I needed you just as much as you needed me over the 5 weeks we spent on bedrest. I needed you to help me cope with this situation that I never saw coming. Even though the doctors and the nurses and daddy and all of our family and friends were there for us, it was really just me and you.
Some days, no one could visit. And it was just us. And we would talk. As the weeks went on, and you got a little bigger, and I got a little bigger, our conversations got more joyful.
I need you to keep growing.
I need you to keep getting stronger.
We are going to be okay.
I can’t wait to see what you do with your life.

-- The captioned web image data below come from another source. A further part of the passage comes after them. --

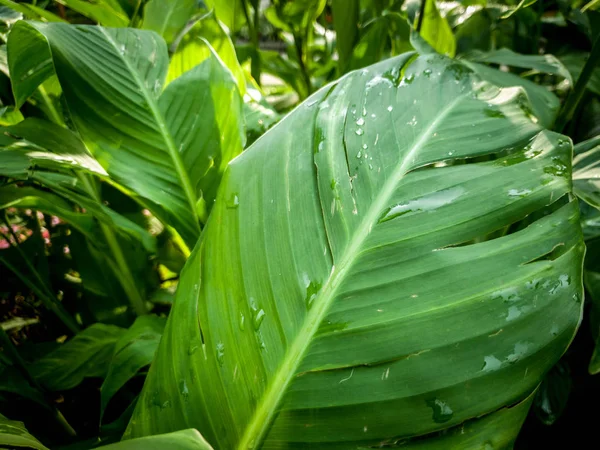 Imagem de close-up de grandes folhas de plantas tropicais cobertas de gotas de orvalho matinal na floresta da selva — Fotografia de Stock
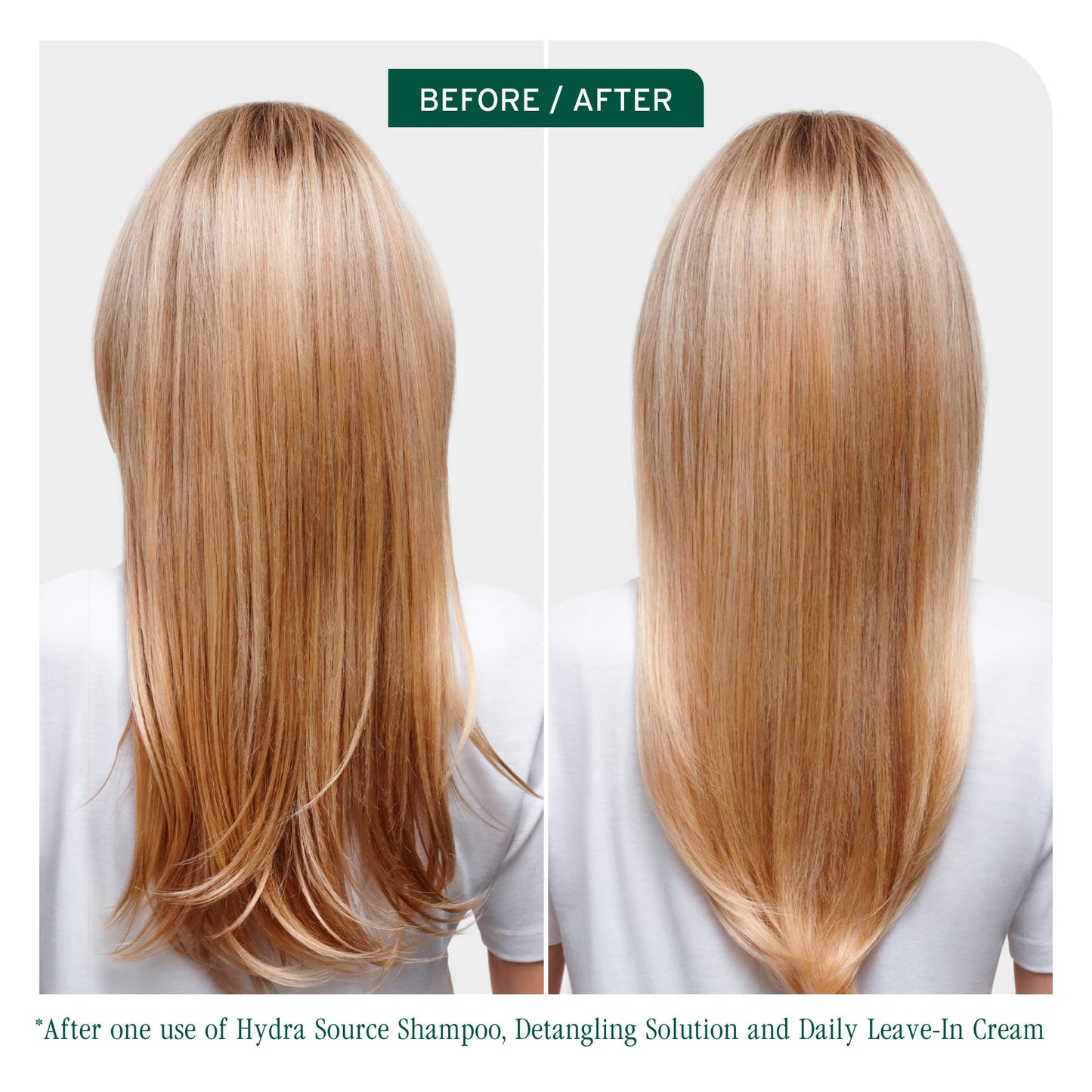 Biolage Hydra Source Detangling Solution - Conditions, Instantly Detangles & Controls Static, For Dry Hair, With Micro-Filtered Aloe Vera & Fermented Beauty & Personal Care Biolage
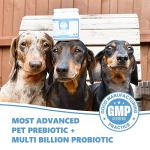 Natural Digestive Prebiotic Probiotic for Pets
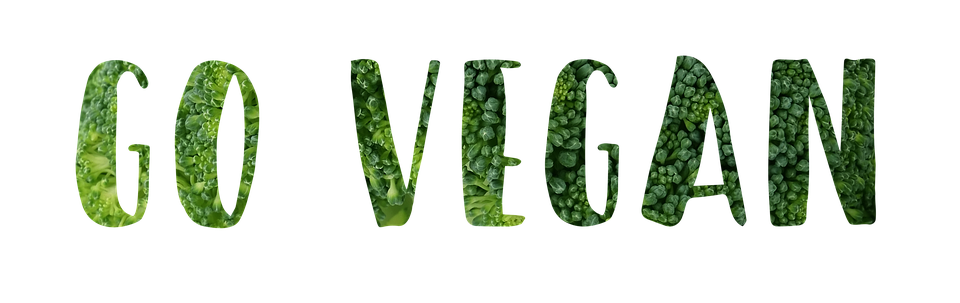 vegan icon PNG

I was in awe of how you were fighting.
You weren’t in an ideal womb.
You’d had shots to make your lungs strong and just enough fluid to grow.
We talked about how I would figure out a way to stay at home with you. That work wasn’t important anymore and that I’d do anything I could to take care of you. It was in those conversations that my life changed.
I knew that I would fight, just as hard as you’d been fighting, to be the best mom I could for you. You gave me the strength and the power to make my dreams come true and start my own business AND be a mommy to you and eventually, your brother.
We know this story has a happy ending.
We know that our last conversation before you were born was…
They are inducing me tomorrow.
We made it to 34 weeks!
I will hold you tomorrow.
And, I did. And you fought for another 3 weeks in the NICU and our conversations went from you inside to my belly, to you behind the glass.
But then you came home.
And we’ve had so many conversations since those days.
You are 6 years old now. And last night, you and I were laying down, getting ready to go to sleep and we started talking. And even though we talk all the time, this was different.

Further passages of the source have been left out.